Friday 29 August 2014

Maurice Ravel

Maurice Ravel
Cricketers whose expectations are raised by noticing that the works of the great French composer Maurice Ravel include a song entitled Cricket have to be let down slowly. For they may open their ears for a melody celebrating line and length but instead will find an account of a day in the life of an insect.

They will feel désolé, affligé, inconsolé, désespéré, misérable, triste, affligeant, abandonné, désert, malheureux.  All a bit French in fact.  Is it this Frenchness which is a factor behind the lack of cricketing material in the works of Ravel?

Putting this apparent limitation behind him, Fantasy Bob found himself in the Usher Hall earlier this week enjoying Ravel's ravishing music played superbly by the Royal Concertgebouw Orchestra under five-star conductor Mariss Jansons. Test Match Quality.

Mariss Jansons
On the programme was Suite No 2 from the ballet score Daphnis and Chloe. This work opens with as fine a musical depiction of dawn and early morning as has ever been written.  It will evoke the feeling in any cricketer of arriving early at the ground with a hint of dew on the grass and the golden sunlight slowly streaming over the wicket as the Doughty Groundsman (depicted by the lower strings) puts his finishing touches to the surface.

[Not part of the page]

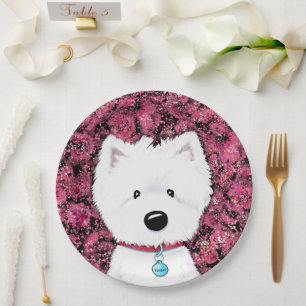 Plato De Papel Impresiones Florales de Westie KiniArt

So evocative is it that FB began to wonder whether Ravel have gained his inspiration from this piece by exposure to just such a cricket ground?

Ravel made several visits to Britain during his career. His first visit was a the end of April 1909, the same year that he began work on Daphnis and Chloe and may well have caught the opening matches of the season.  Coincidence?  FB doesn't think so. (Sadly FB notes that while Ravel visited Edinburgh several times he did so only during the winter months, so it is unlikely that he took his inspiration from a morning visit to Carlton's prestigious Grange Loan HQ.)

It is less easy to track the cricketing inspiration in his later works although some of his visits to Britain coincided with significant cricketing events which may well have stuck in his mind. In 1922 he was in England shortly after Warwickshire and Hampshire took part in one of the most remarkable of all County Championship matches. After making 223 Warwickshire dismissed Hampshire for only 15, Following on, Hampshire did better, but were still struggling when a 9th wicket partnership of 180 lifted them to 521. Warwickshire needed 314 to win but were bowled out for 158 to give Hampshire a remarkable win in one of the greatest comebacks in cricket - and the inspiration behind Ravel's blues influenced violin sonata finished the year after.

Iftikhar Ali Khan Pataudi -
known to his pals as Nawab
In July 1931 Ravel conducted at Covent Garden at the same time as the annual University match between Oxford and Cambridge was underway at Lords.  Might he have spent the day there watching the Nawab of Pataudi stroke the Cambridge bowlers to all parts of the ground to make 238*?  His subsequent work suggests as much.   

For in 1931 Ravel completed his Piano Concerto, also part of the concert programme attended by FB. There seems little argument that the languid, elegant and beautiful second movement is a fitting tribute to this fine innings. 

The Nawab was subsequently selected for the Ashes tour in what became the bodyline series.  He scored a century in his first Test innings but struggled subsequently - both with his form, the bodyline tactic and, personally, with the skipper Jardine of whom he said,  'I am told he has his good points. In three months I have yet to see them.'  Ravel did no meet Jardine, but his music suggests he may have had similar reservations about the tactic.

Pataudi subsequently skippered India on their tour of England in 1946.  Tragically, Ravel could gather no further inspiration from the Nawab for he died in 1937, without adding to the cricket references in his work.